Isso tem vindo a ocorrer em alguma banda desenhada (Jessica Jones, Elektra, Black Widow, Harley Quinn), mas mormente em séries televisivas como Game of Thrones (com Cersei Lannister, Daenerys Targaryen, Sansa Stark, Arya Stark, lado a lado com Tyrion e obliterando as demais personagens masculinas) ou The Walking Dead, com um bom punhado de mulheres fortes e com as quais facilmente nos identificamos. É o caso de Michonne, Maggie, Rosita, Alpha, Lucille, Judith e Lori, mas sobretudo Carol (interpretada por Melissa McBride), que começa por ser uma esposa submissa e vítima de violência doméstica até se transfigurar na bad ass motherfucker que hoje conhecemos. É certo que na primeira temporada os papéis estão claramente definidos de acordo com uma sociedade de índole patriarcal, em que os homens saem para explorar, encontrar alimento e esmagar crânios de walkers, cabendo às mulheres tomar conta das crianças, lavar roupa, cozinhar e gritar por socorro. No entanto, pouco a pouco, a pulso, as mulheres vão conquistando importância e espaço narrativo. Sim, bem sei que isto resulta também da necessidade comercial de chegar a um público mais vasto e de acompanhar o vento que sopra – não somos ingénuos -, mas não deixa de ser um facto. Mesmo que o fim não seja o mais puro, vale aqui o bem maior.
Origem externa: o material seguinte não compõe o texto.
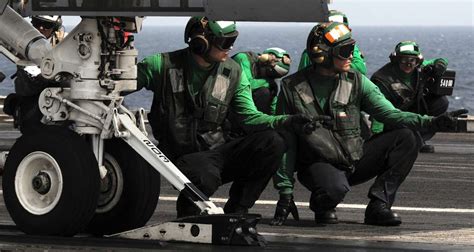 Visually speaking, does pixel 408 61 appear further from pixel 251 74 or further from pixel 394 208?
pixel 394 208

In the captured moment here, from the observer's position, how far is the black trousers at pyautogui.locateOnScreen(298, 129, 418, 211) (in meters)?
12.3

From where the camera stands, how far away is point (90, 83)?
10.6m

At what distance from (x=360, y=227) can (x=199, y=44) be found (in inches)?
76.1

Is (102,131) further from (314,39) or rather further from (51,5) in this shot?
(314,39)

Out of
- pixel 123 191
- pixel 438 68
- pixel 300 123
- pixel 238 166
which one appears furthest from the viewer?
pixel 438 68

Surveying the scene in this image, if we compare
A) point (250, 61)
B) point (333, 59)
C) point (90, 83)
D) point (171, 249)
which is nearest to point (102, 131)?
point (90, 83)

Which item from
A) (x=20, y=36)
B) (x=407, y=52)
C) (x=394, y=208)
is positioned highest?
(x=20, y=36)

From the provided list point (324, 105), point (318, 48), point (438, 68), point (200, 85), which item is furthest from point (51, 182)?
point (438, 68)

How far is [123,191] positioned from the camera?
10.8 m

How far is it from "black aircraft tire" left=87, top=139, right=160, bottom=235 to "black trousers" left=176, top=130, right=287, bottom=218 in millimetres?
527

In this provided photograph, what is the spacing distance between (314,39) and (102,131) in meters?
2.52

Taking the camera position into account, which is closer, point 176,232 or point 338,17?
point 176,232

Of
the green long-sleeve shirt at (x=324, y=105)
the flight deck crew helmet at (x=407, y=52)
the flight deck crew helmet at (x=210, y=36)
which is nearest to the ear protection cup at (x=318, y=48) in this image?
the green long-sleeve shirt at (x=324, y=105)

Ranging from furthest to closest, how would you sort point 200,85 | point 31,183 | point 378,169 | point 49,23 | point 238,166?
point 49,23 < point 378,169 < point 238,166 < point 200,85 < point 31,183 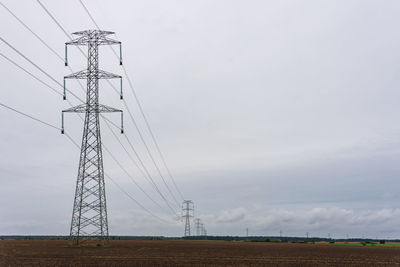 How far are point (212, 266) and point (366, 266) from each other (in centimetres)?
1610

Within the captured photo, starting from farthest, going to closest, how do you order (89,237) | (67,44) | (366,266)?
(89,237), (67,44), (366,266)

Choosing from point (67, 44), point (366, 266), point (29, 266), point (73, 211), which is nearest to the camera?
point (29, 266)

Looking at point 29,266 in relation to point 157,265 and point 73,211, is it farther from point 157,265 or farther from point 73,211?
point 73,211

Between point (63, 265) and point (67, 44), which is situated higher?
point (67, 44)

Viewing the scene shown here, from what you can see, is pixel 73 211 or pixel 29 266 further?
pixel 73 211

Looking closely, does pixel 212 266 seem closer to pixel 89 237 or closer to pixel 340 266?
pixel 340 266

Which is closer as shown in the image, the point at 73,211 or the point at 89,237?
the point at 73,211

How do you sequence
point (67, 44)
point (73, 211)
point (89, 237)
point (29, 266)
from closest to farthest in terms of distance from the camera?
point (29, 266) < point (67, 44) < point (73, 211) < point (89, 237)

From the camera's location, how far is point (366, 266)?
146 ft

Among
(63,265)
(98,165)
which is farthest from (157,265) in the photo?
(98,165)

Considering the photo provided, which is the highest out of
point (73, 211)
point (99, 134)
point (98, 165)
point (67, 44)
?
point (67, 44)

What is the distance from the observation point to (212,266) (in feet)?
132

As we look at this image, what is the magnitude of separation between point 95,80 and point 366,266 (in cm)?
4007

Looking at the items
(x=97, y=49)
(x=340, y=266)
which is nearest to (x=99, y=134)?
(x=97, y=49) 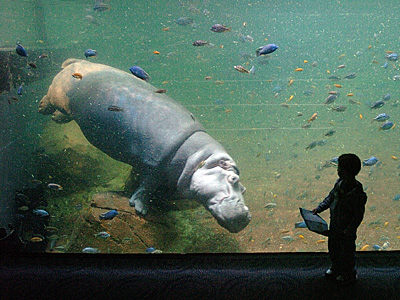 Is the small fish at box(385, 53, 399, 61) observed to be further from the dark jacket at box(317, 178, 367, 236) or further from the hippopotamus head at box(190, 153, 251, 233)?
the dark jacket at box(317, 178, 367, 236)

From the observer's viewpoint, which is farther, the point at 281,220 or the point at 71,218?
the point at 281,220

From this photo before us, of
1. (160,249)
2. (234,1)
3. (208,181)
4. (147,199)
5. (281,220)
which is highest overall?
(234,1)

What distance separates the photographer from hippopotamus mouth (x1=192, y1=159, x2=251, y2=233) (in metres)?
3.36

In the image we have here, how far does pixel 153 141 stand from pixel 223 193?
1.37 meters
Carol ganha protagonismo pela quarta temporada (e que não tem na BD) e é hoje uma das mais temíveis personagens da série. Chega a assumir o papel de uma espécie de anti heroína, uma categoria da qual (com poucas excepções) as mulheres costumam ver-se arredadas. É maquiavélica e executa acções moralmente duvidosas, sempre capaz de dar o passo que mais ninguém ousa. Veja-se, por exemplo, o embate entre ela e Alpha (interpretada por uma Samantha Morton em modo psicopata). Carol é uma filha-da-mãe, portanto. Mas a nossa (minha) filha-da-mãe (deixando a anos-luz o mortiço e melodramático Rick Grimes).
The Walking Dead não é uma série perfeita (longe disso, não têm conta as vezes que exasperei), mas depois de dez temporadas lá nos vamos afeiçoando às personagens. Vai para uma boa meia-dúzia de anos que Carol é a minha preferida (a família não me deixa mentir). Num apocalipse zombie gostaria de estar a seu lado.
Se puderem, não deixem também de espreitar Jessica Jones (a BD ou a série), outra personagem que vale bem a pena descobrir e que surge em pé de igualdade com os homens, seja na relação com Luke Cage, seja no confronto com o manipulador Kilgrave. São séries que colocam na linha da frente mulheres que não cabem na personalidade unidimensional habitual. Jessica Jones e Carol não estão aqui para fazer sandes a ninguém e estão pouco se lixando para as flores. A capacitação feminina precisa de mais badass women como estas. A igualdade também passa por aqui.